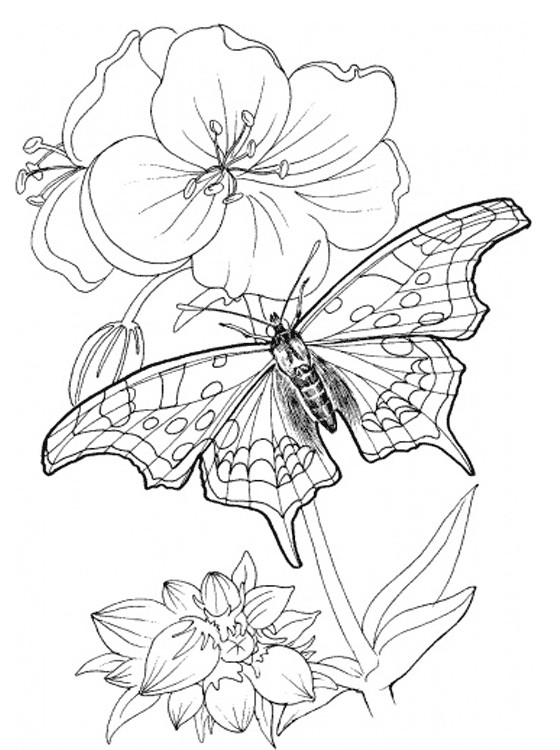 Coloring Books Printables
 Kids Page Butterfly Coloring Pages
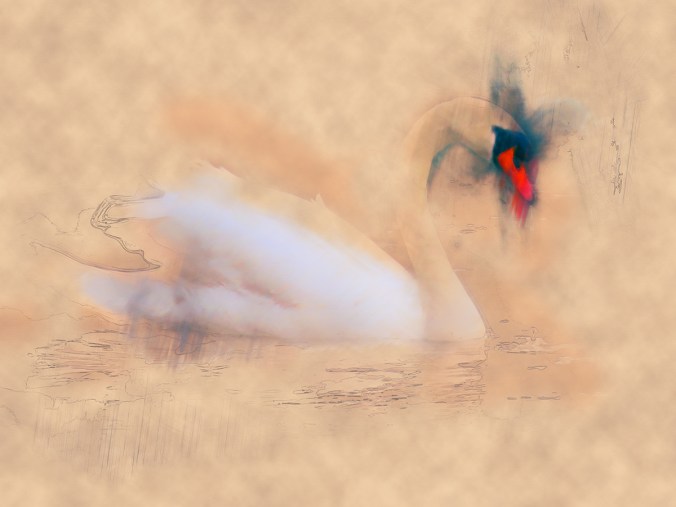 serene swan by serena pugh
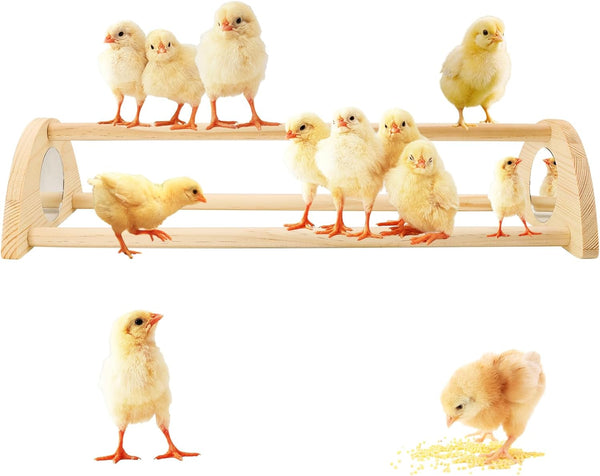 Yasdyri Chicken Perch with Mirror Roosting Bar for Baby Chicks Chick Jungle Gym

§ §

◆ Exercise requirements: An exact transcript is required, covering the lines from the one containing "serene swan by serena pugh" through the end of the listing above, inclusive, without pictures.

◆ Exercise output:
 serene swan by serena pugh
 Yasdyri Chicken Perch with Mirror Roosting Bar for Baby Chicks Chick Jungle Gym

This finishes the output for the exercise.